[AIM OF THE TASK]:
Word for word, quote the lines from the one containing "BT0054 Baby Boy Halloween Pumpkin Shirt" to the end of the entries below, including both. Leave pictures out.

Scraped caption text data:
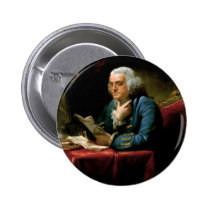 Portrait of Benjamin Franklin buttons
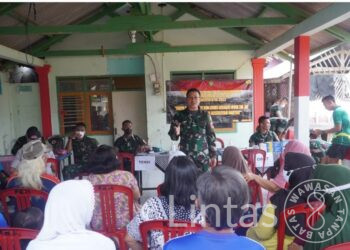 Peduli Masyarakat Sekitar, Yonif 312/KH gelar Pelayanan  Kesehatan Umum dan KIA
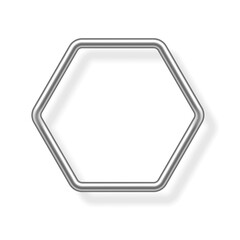 Silver hexagon frame for picture with shadow on white background. Blank space for picture, painting, card or photo. 3d realistic steel tube template vector illustration. Simple object mockup - obrazy, fototapety, plakaty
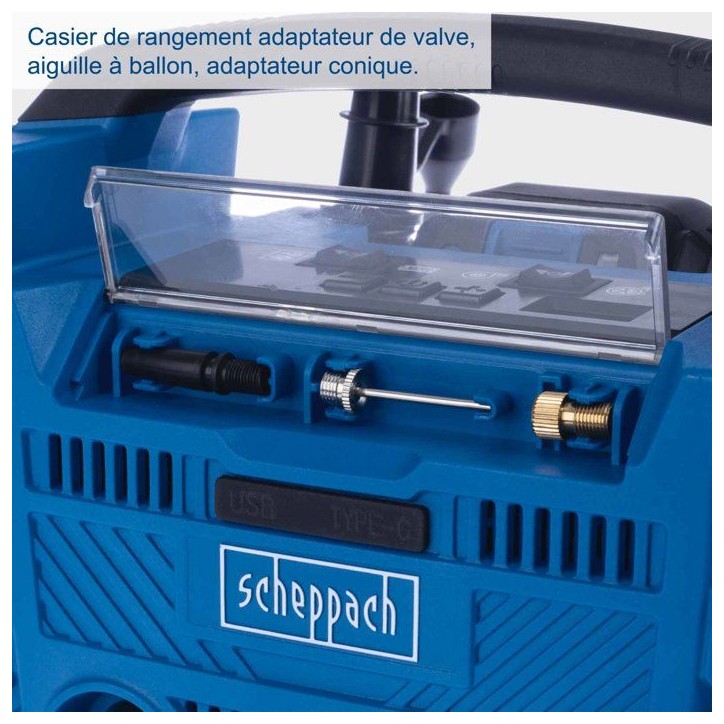 Compresseur sans fil Airforce 6 - pression max 10,3bars - 6 accessoires inclus - SCHEPPACH 20V IXES - Batterie 2Ah + chargeur 2.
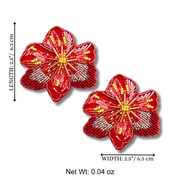 Beaded Flower Post Handmade Stud Earrings Red Charm Gift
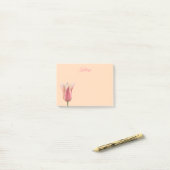 Roze Tulp Aangepaste Naam Post It Notities Post-it® Notes (Op bureau)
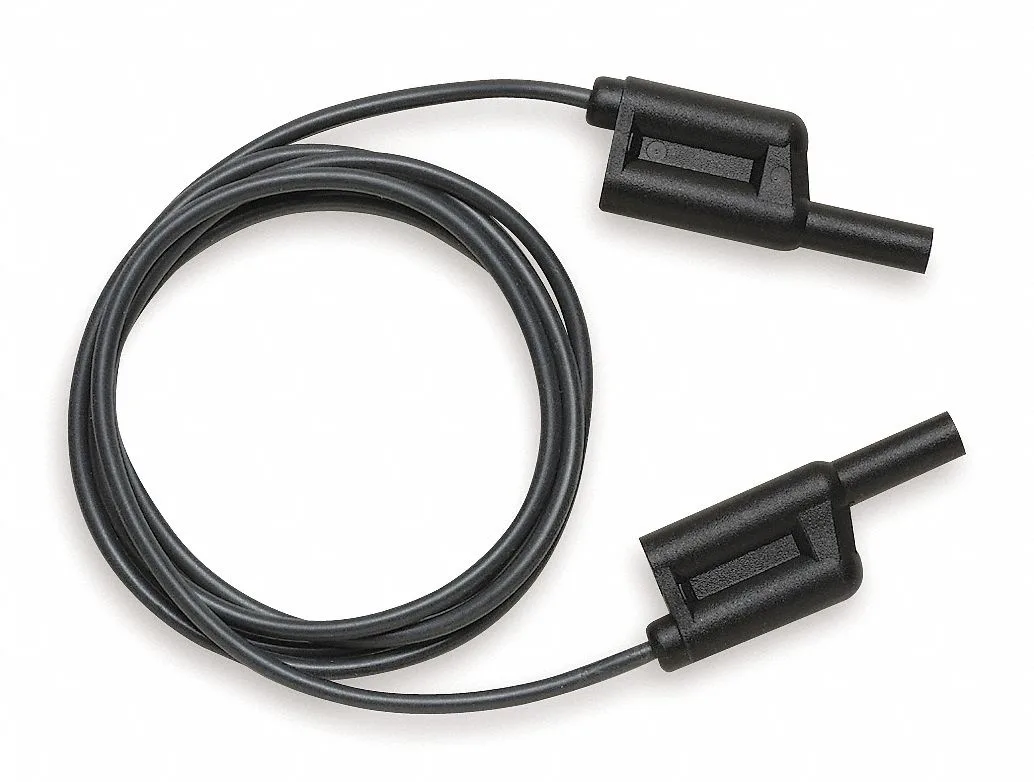 Black sheathed banana plug patch cord with stackable connectors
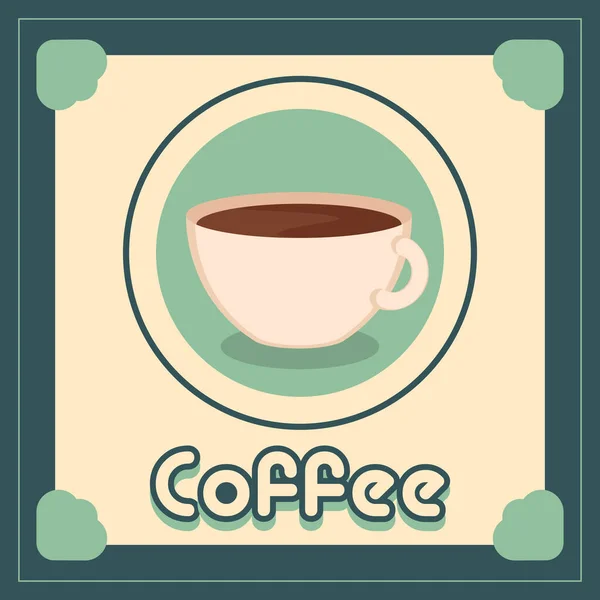 Vintage coffee cups poster — Stock Vector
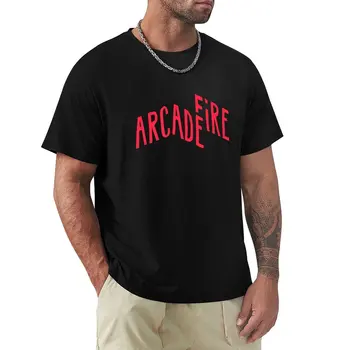 памучни тениски черна тениска за мъже Arcade Fire тениска корейски мода момчета бял къс ръкав Тениска черна тениска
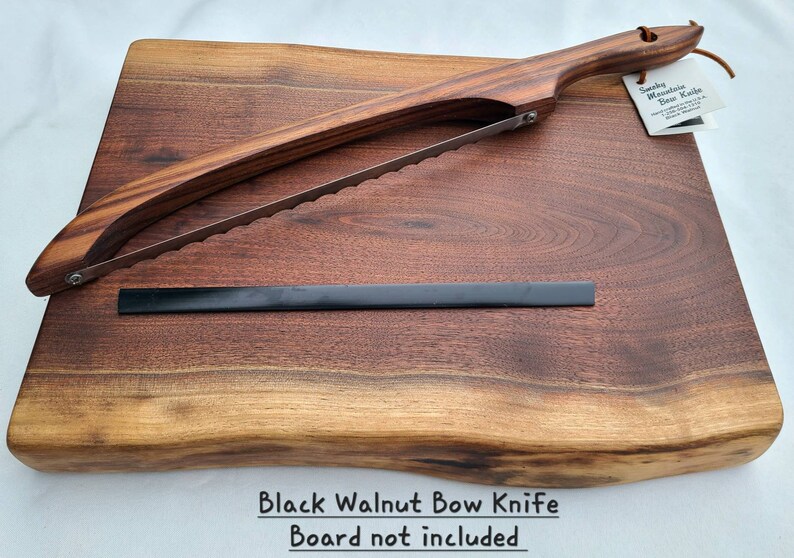 Handmade Black Walnut Bow Knife with Stainless Steel Blade: Sourdough Bread, Cheese & Kitchen Slicer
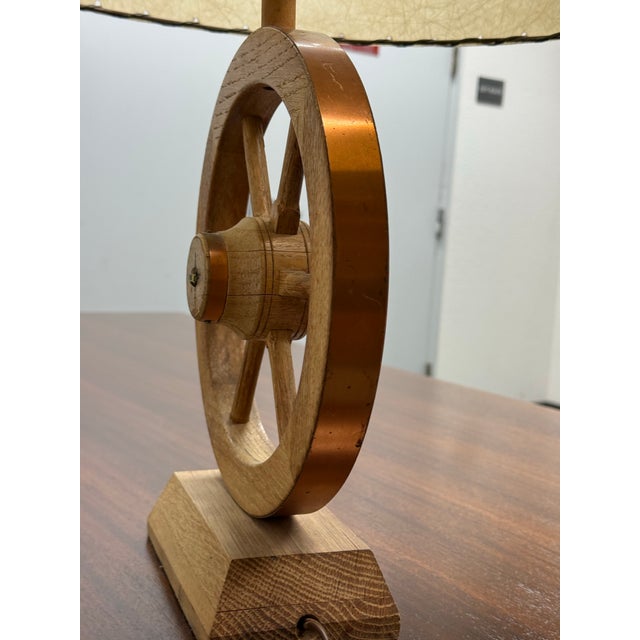 Vintage Rustic Wagon-Wheel Table Lamp For Sale - Image 12 of 12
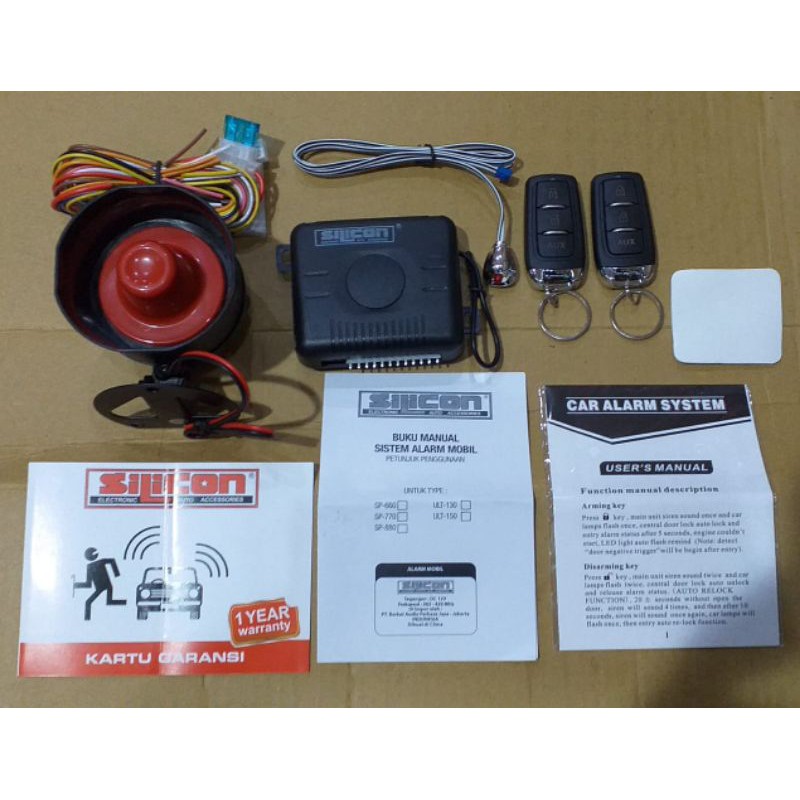 ALARM MOBIL UNIVERSAL MEREK SILICON DIJAMIN PNP ORIGINAL BERKUALITAS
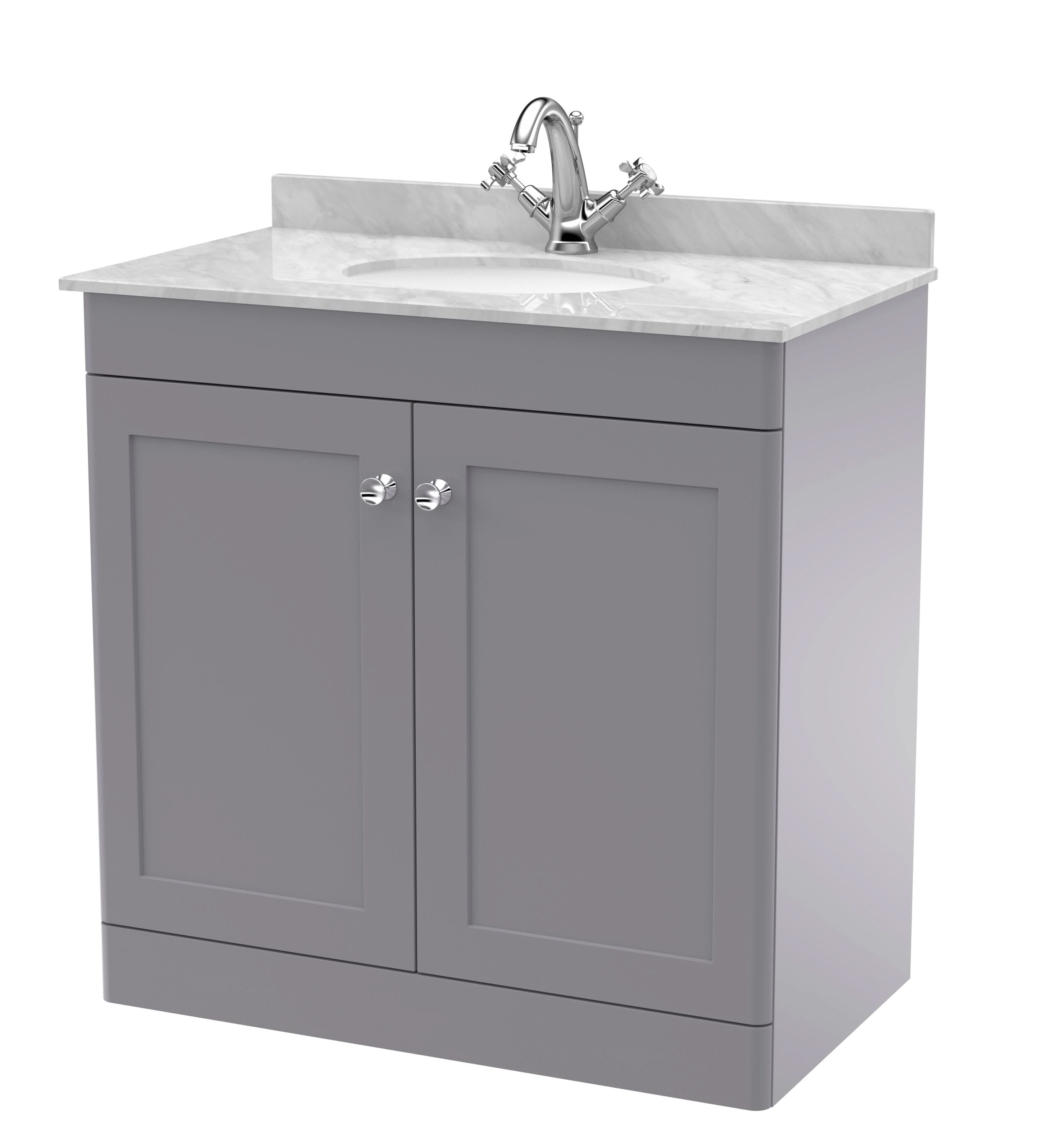 Nuie Classique Floor Standing 2 Door Vanity Unit & 1 Tap Hole Grey Marble Top with Oval Basin, Stylish Sink Vanity Unit in Satin Grey with White Basin, 800mm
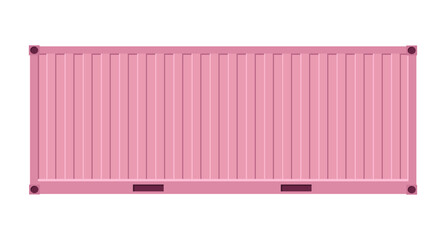 Pink shipping cargo container for transportation. Vector illustration in flat style. Isolated on white background.	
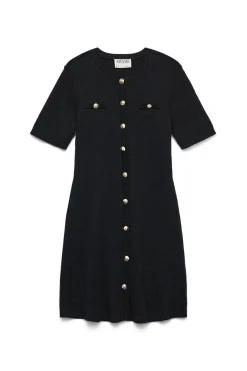Vero Moda Vestido corto de punto y botones dorados Negro Sale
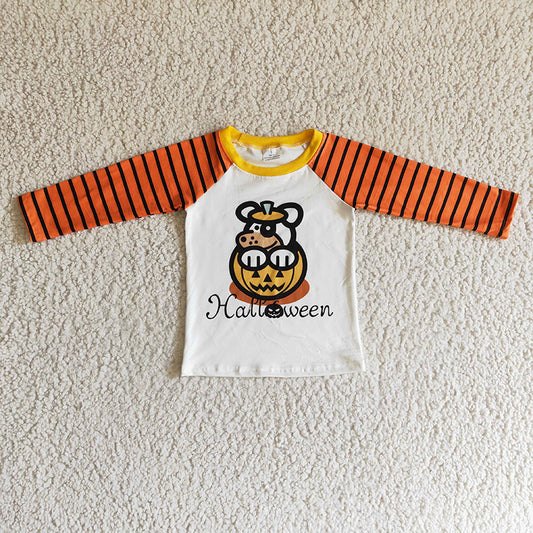BT0054 Baby Boy Halloween Pumpkin Shirt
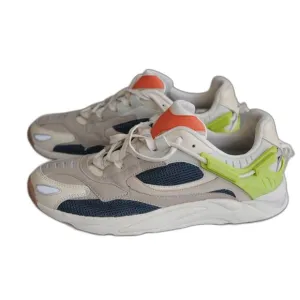 ZARA Men's Chunky Sneakers Beige Navy Orange Green Accents Size EU 43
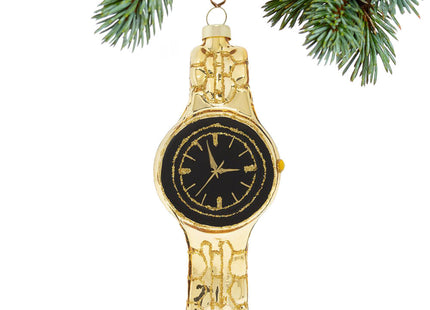 engraved gold wristwatch christmas ornament – Christmas ornament, holiday tree decoration or gift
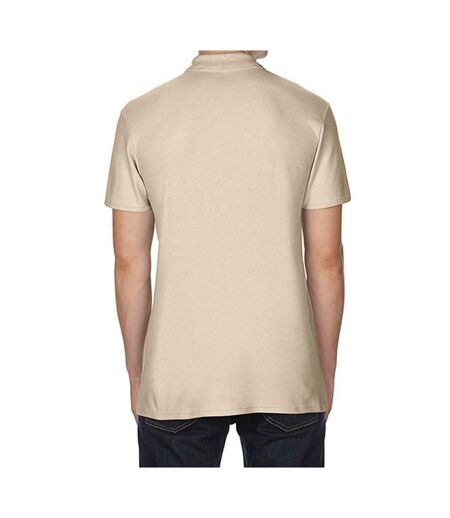 Mens softstyle double pique polo shirt sand Gildan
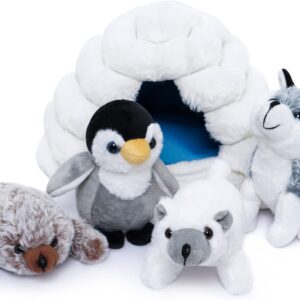 Nleio 5 Piece Baby Stuffed Animals Set with Plush Igloo, Including Seal/Husky/Polar Bear/Penguin Stuffed Animal, Plush Toys Set for Kids Babies Toddlers …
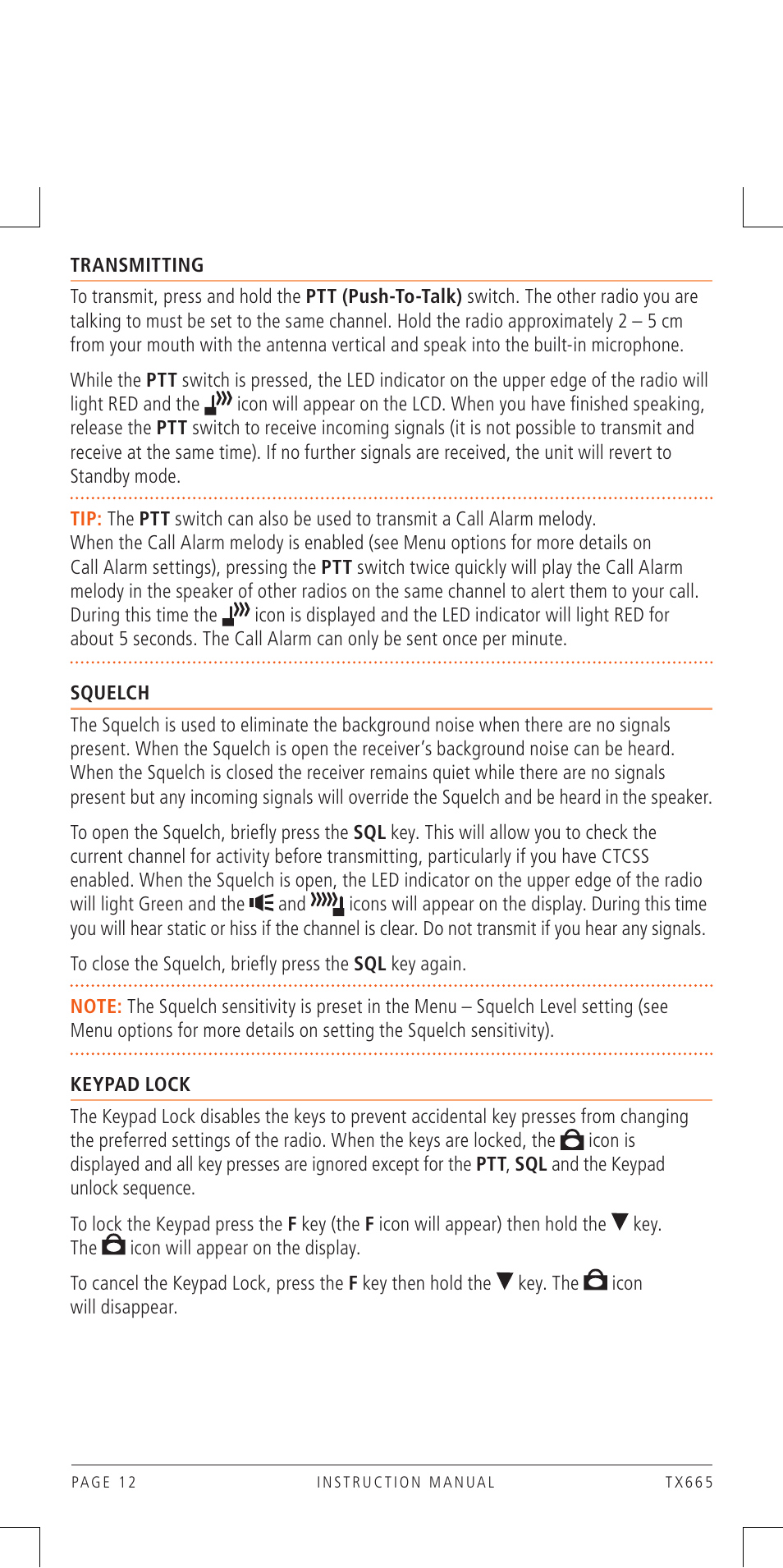 GME TX665 User Manual | Page 12 / 25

[ANSWER FOR THE TASK]:
BT0054 Baby Boy Halloween Pumpkin Shirt
 ZARA Men's Chunky Sneakers Beige Navy Orange Green Accents Size EU 43
 engraved gold wristwatch christmas ornament – Christmas ornament, holiday tree decoration or gift
 Mens softstyle double pique polo shirt sand Gildan
 Nleio 5 Piece Baby Stuffed Animals Set with Plush Igloo, Including Seal/Husky/Polar Bear/Penguin Stuffed Animal, Plush Toys Set for Kids Babies Toddlers …
 GME TX665 User Manual | Page 12 / 25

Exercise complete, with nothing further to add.